Enter Jan McIntyre when I returned to the states. A sculptor, painter, and artist extraordinare, we were distant cousins who became close friends instantly one evening in a bar gathering of musicians. That group was something I will always treasure, even though we have gone our separate ways and Janny has long since passed. The art carried me through the victory of my first gallery showing of watercolors and wood burned items. It carried me past the pain of a failed marriage and into a new life. It held me together through a doomed relationship with a musician that was cursed from the start. Love or lust (definitely both! Oh, yes.), I am not quite sure. Love and lust for the creative life was a definite addiction...and like all junkies, I had to have more.

And then I met Tony in 1992. Tony was earthy, intelligent, well-read, foul mouthed, and the most beautiful man I had ever met...and he wanted me. He was the high school girl's dream. We became lovers within a month and never left each other's side for more than a couple days at a time. He encouraged me to paint, draw, and bought me a 35mm camera outfit. We explored eras; he was in love with the geometrics of art deco and I with the flowing sensuality of art nouveau.

Through the years I lived in arts and crafts stores; always on the search for some technique book, ink, medium or glue. He would stand there sometimes at the end of an aisle, hands on hips, head tilted, "Are you ready yet?" His patience was more immeasurable than he would ever let on or perhaps, realize. He was my muse and pushed me forward to experiment with using different mediums.

I began taking photo copies and painting them, using them in collages and putting them into journals. Beads and glass, their fine pure colours, intrigued me. Seed beads became another way of expressing myself through jewelry and then peyote stitch. Spirit bottles and loomed murals began to fill the walls. I bought beads and hoarded them, amassing some several hundred pounds, up until this summer when everything came to a horrible, sudden stop. Tony died on a beautiful, cloudless Sunday afternoon.
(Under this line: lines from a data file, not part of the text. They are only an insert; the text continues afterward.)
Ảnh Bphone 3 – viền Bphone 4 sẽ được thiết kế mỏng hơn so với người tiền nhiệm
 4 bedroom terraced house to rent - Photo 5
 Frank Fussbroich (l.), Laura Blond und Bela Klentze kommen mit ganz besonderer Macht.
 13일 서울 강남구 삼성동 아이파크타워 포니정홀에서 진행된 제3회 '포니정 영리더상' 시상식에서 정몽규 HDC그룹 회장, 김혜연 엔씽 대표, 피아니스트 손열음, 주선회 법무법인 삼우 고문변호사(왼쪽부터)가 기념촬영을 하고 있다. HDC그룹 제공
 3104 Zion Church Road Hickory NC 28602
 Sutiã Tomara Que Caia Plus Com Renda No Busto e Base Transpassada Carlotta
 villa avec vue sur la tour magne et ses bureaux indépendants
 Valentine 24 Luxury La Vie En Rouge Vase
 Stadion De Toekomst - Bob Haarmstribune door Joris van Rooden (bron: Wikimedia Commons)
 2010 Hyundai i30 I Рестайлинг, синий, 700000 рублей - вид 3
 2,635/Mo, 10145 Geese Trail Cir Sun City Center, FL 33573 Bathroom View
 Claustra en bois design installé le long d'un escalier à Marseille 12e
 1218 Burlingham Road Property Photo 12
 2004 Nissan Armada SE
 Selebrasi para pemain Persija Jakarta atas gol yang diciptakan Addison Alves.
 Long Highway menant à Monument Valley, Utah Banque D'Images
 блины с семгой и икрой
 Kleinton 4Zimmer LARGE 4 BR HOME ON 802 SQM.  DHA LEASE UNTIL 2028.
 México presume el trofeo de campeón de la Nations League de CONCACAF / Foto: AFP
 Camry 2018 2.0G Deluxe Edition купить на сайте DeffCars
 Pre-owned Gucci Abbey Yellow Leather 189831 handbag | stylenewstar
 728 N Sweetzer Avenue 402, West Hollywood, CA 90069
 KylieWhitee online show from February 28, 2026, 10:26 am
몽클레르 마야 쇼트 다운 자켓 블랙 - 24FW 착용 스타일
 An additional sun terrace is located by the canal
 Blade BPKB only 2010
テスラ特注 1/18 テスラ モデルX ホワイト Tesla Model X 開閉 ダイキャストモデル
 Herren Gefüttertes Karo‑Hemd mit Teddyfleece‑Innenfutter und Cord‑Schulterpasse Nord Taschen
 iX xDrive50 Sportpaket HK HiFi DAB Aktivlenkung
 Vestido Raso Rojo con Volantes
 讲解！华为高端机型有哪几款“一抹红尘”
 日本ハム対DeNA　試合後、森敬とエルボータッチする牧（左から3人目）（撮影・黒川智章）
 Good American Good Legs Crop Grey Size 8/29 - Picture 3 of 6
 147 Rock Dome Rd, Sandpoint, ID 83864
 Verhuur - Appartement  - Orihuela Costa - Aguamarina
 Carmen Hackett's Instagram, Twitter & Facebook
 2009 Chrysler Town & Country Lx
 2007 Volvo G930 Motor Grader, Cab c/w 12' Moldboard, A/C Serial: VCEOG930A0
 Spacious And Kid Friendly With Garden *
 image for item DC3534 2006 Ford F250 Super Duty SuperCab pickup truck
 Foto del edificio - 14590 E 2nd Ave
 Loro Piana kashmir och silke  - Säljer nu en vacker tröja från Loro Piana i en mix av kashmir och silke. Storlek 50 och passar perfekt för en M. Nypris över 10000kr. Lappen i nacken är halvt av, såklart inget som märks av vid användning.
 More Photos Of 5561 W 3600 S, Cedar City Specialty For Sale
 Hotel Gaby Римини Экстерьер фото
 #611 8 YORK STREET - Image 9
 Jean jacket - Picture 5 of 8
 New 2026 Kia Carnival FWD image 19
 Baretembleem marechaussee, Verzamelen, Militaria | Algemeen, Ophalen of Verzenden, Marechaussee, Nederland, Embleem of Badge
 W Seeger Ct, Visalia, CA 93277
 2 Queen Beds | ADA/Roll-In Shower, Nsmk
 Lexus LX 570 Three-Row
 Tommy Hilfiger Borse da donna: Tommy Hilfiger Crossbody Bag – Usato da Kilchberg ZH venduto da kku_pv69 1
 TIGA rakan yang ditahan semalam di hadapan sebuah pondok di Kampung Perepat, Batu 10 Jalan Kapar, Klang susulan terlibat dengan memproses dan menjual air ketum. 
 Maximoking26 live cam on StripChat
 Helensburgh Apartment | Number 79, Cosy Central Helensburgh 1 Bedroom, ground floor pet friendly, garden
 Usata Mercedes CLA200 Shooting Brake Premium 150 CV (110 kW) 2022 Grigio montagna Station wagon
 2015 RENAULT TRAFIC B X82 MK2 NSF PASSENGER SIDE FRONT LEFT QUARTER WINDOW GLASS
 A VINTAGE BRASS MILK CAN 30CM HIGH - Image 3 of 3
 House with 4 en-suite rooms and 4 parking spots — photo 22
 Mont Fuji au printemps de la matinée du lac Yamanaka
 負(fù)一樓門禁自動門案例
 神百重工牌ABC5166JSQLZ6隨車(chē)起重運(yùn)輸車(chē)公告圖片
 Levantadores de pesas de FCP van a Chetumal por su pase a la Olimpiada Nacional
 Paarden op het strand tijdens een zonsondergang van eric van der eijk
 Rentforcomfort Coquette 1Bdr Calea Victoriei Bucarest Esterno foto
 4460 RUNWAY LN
The last few months have been rain soaked. I have viewed the world through eyes every bit as unclear as rain washing down glass. Isolation and intolerable grief, along with with an incredibly acute loneliness has shut me off from the world and myself. I began searching through closets in my mind, frantically throwing open doors in dark hallways trying to find a reason for this or some momentary peace. My pens dried up with the heat and disuse and my beading loom covered itself in a fine veil of dust. The vintage mahogany dining room table I had claimed as my art center lay silent and cluttered with ideas and projects now completely gone by the wayside...until last Sunday.

Curiosity got the better of me. I found a small piece of watercolour canvas I had preped with Gesso last spring. It was gritty and I liked the way it felt under my fingers. In the buffet behind the table are my paints, pastels, and other implements. I pulled out a pallette, the old Binney & Smith box of colours and a few brushes from the cat jar. Armed with a glass of water and a rag, I began to paint for the first time in months. I had too much water on the canvas, and the human heart that I had painted began to bleed down the canvas in a happy accident, pooling at the bottom. I bled off the excess water and decided that it was perfect the way it was. Let it dry and rework it in a couple of days to get down the details.

Slowly, I am breaking free of the sorrow. Slowly, once again reaching for who I was and now am through watercolours and brush strokes.